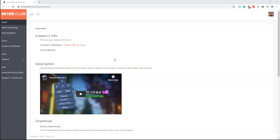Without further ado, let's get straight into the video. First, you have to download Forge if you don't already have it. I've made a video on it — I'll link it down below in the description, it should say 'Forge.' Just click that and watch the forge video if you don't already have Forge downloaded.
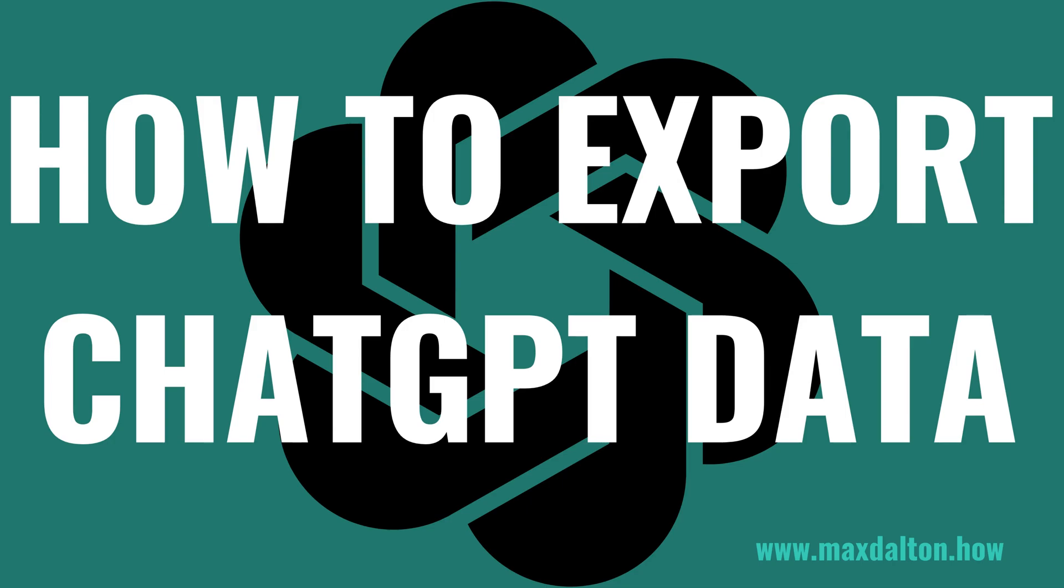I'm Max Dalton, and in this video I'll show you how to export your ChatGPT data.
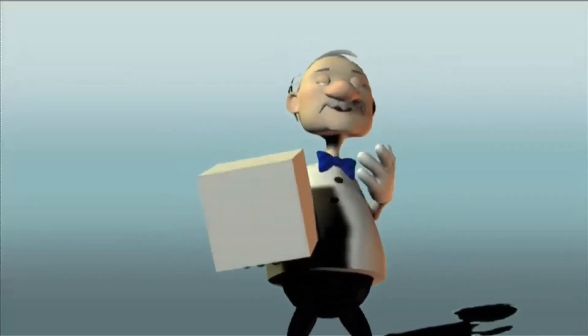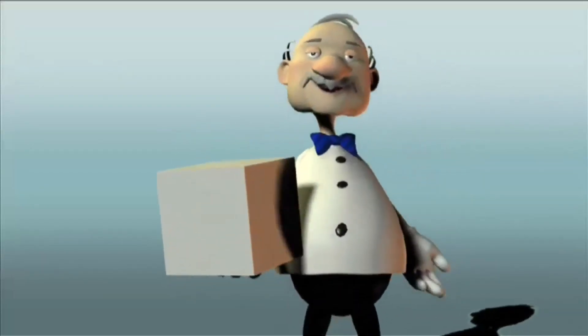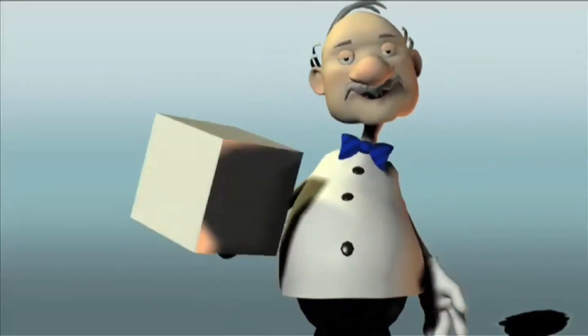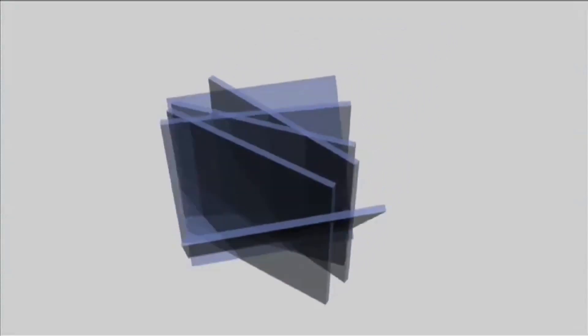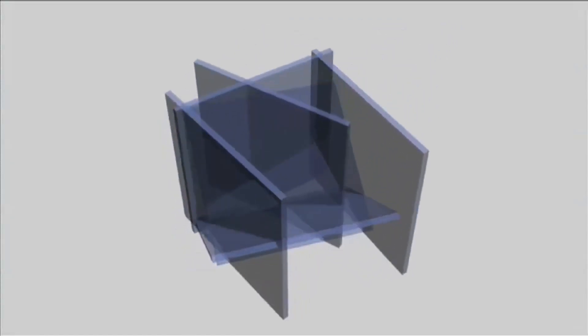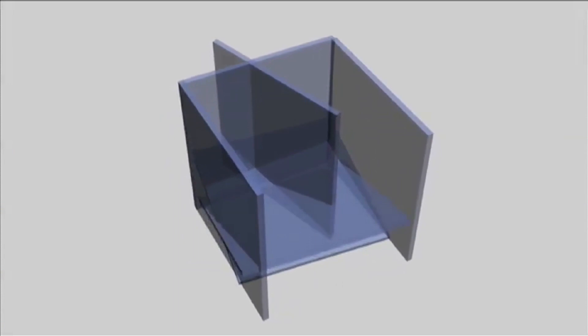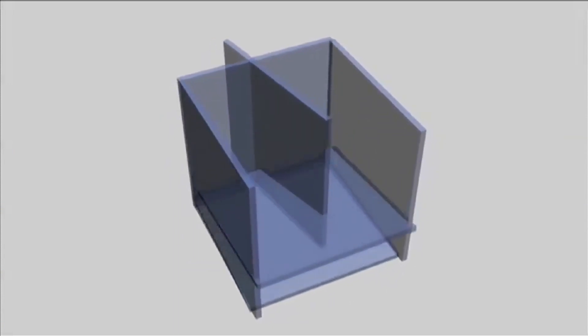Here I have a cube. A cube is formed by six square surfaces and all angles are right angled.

-- -- --

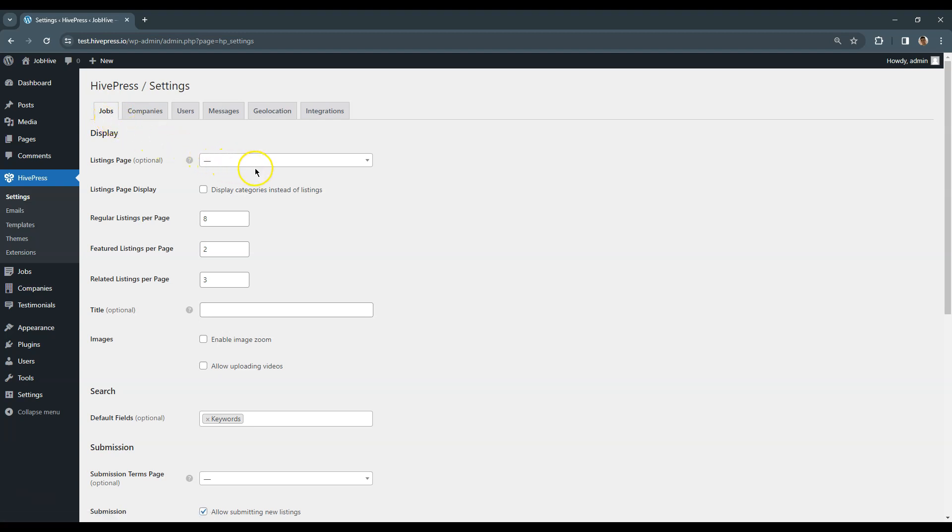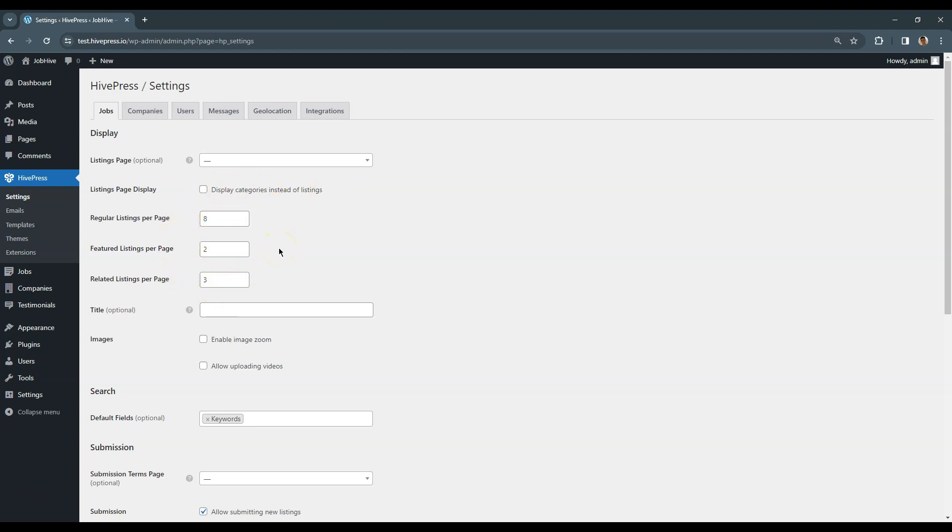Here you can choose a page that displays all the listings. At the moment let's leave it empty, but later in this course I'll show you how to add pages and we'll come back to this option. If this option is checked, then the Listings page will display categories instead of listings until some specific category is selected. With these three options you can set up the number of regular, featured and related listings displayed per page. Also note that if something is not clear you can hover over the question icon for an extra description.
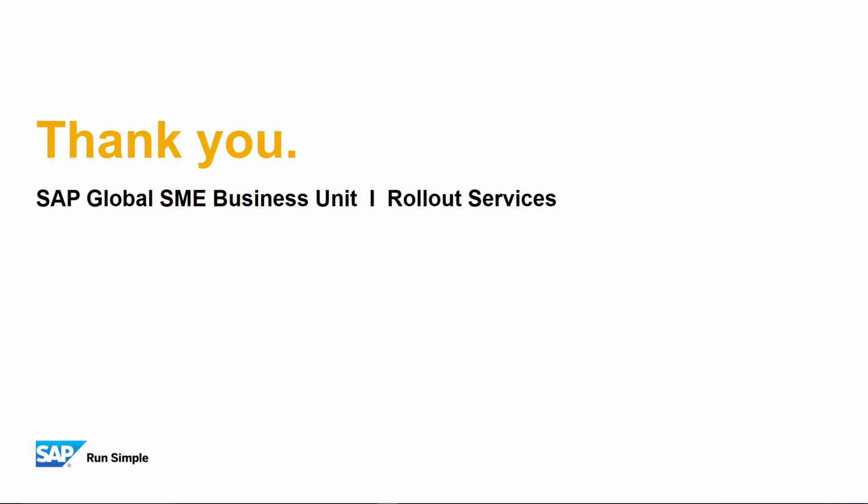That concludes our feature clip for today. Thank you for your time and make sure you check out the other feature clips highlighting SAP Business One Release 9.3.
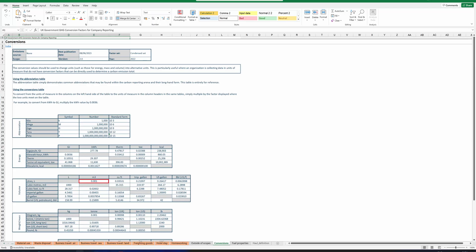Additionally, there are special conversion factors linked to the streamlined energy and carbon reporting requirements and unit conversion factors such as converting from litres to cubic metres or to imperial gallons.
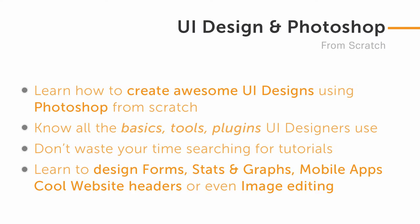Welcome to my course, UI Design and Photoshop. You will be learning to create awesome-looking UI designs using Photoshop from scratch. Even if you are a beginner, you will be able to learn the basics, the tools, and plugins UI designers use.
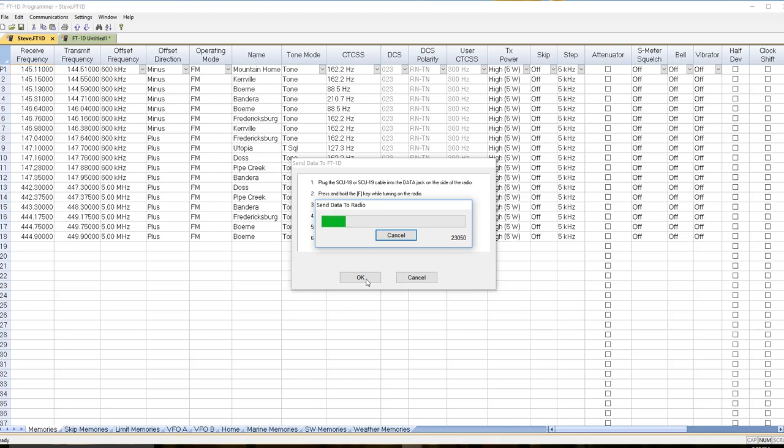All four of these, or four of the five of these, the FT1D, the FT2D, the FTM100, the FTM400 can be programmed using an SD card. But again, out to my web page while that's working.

-- -- --

Activity
Copy exactly the part of the material above that opens with the line containing "Without further ado, let's" and closes with the line containing "Here I have", ends included. Drop the images.

Task result
Without further ado, let's get straight into the video. First, you have to download Forge if you don't already have it. I've made a video on it — I'll link it down below in the description, it should say 'Forge.' Just click that and watch the forge video if you don't already have Forge downloaded.
I'm Max Dalton, and in this video I'll show you how to export your ChatGPT data.
Here I have a cube. A cube is formed by six square surfaces and all angles are right angled.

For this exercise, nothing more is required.